Winner of the 2020 National Indie Excellence Award for Chick Lit.

Small-town girl Marianne Fuchs spends her childhood dominated by her fiercely Irish-Catholic mother. Her mother decides what she wears, where she goes to school, what she majors in. Marianne decides it’s time for independence. This feminine Candide packs up her meager belongings and moves to Los Angeles. Not only is L.A. the center of excitement, both good and bad, it’s a long way from her mother. But life in L.A. is not all the media makes it out to be. For one thing, it’s expensive! She also discovers that it’s hard to meet people.

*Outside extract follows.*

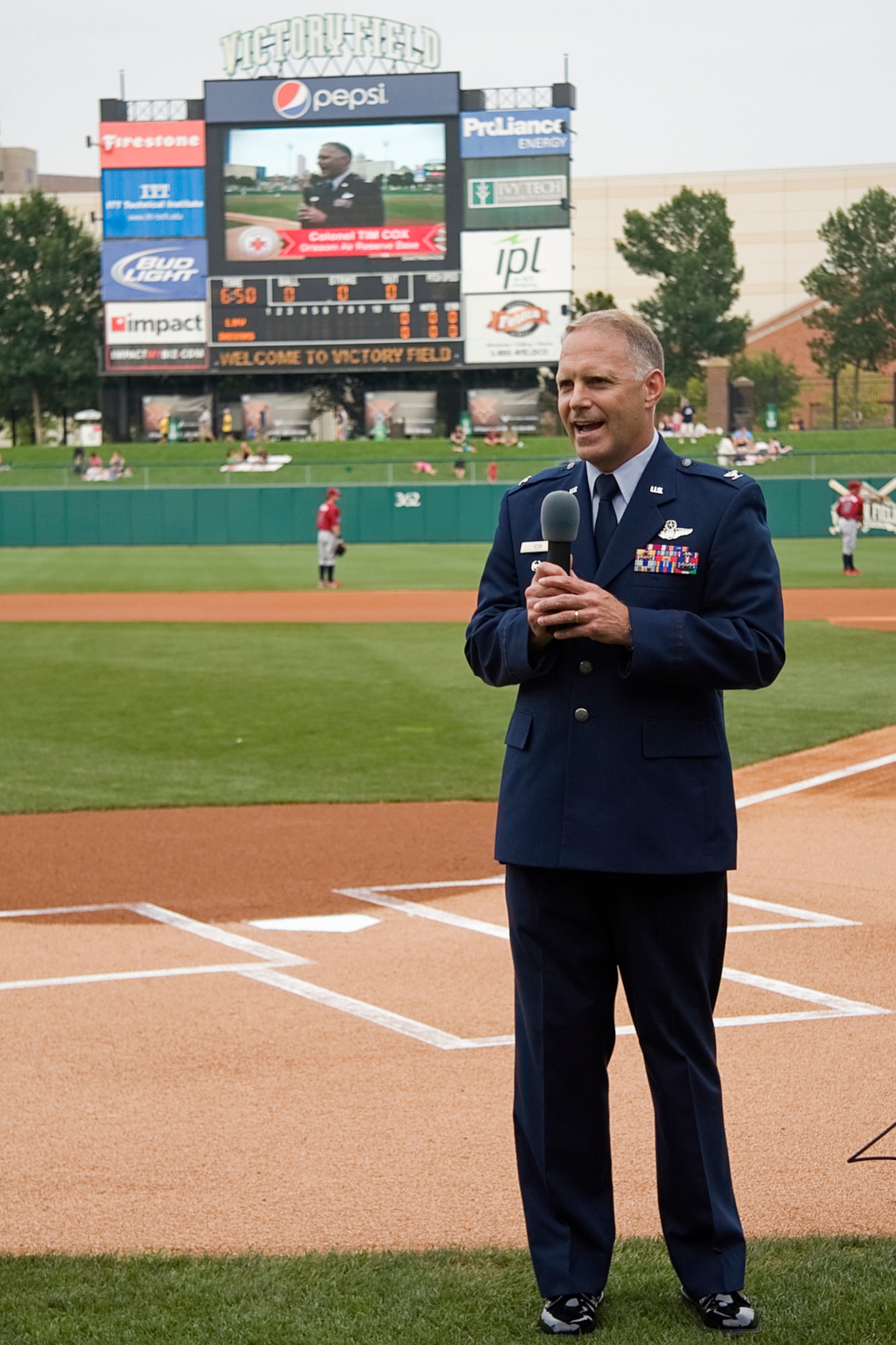 GRISSOM AIR RESERVE BASE, Ind. -- Standing behind home plate at Victory Field in Indianapolis, Col. Tim Cox talks with Indianapolis Indians fans about the mission of the 434th Air Refueling Wing and Air Force Reserve. Colonel Cox, the 434th ARW vice commander. (U.S. Air Force photo/Tech. Sgt. Mark R. W. Orders-Woempner)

And she doesn’t seem to fit in
anywhere. This sheltered young woman suffers from culture shock. She experiences a lot of ‘firsts’. She sees a porn film, she sees a naked man on stage, she gets HBO! After being immersed in sex she begins to think her mother is right; maybe Los Angeles is Sodom. She has a lot of adjusting to do.

Fortunately, life in Los Angeles is not all sex. She joins a softball team. She handles an unreasonable boss. And she finds love—or at least a severe case of ‘like’. Time and distance give her courage to tell her mother when she and her boyfriend move in together. The result isn’t what she’d like but at least she stood up to her mother, another ‘first’. She faces her future bravely—until she’s evicted from her apartment. She wanted adventure but she’s finding that most adventures are uncomfortable things–and that very little in life goes according to plan. When her
boyfriend suggests marriage, she hesitates. Is it the smart thing to do? Or is she replacing her mother with a husband?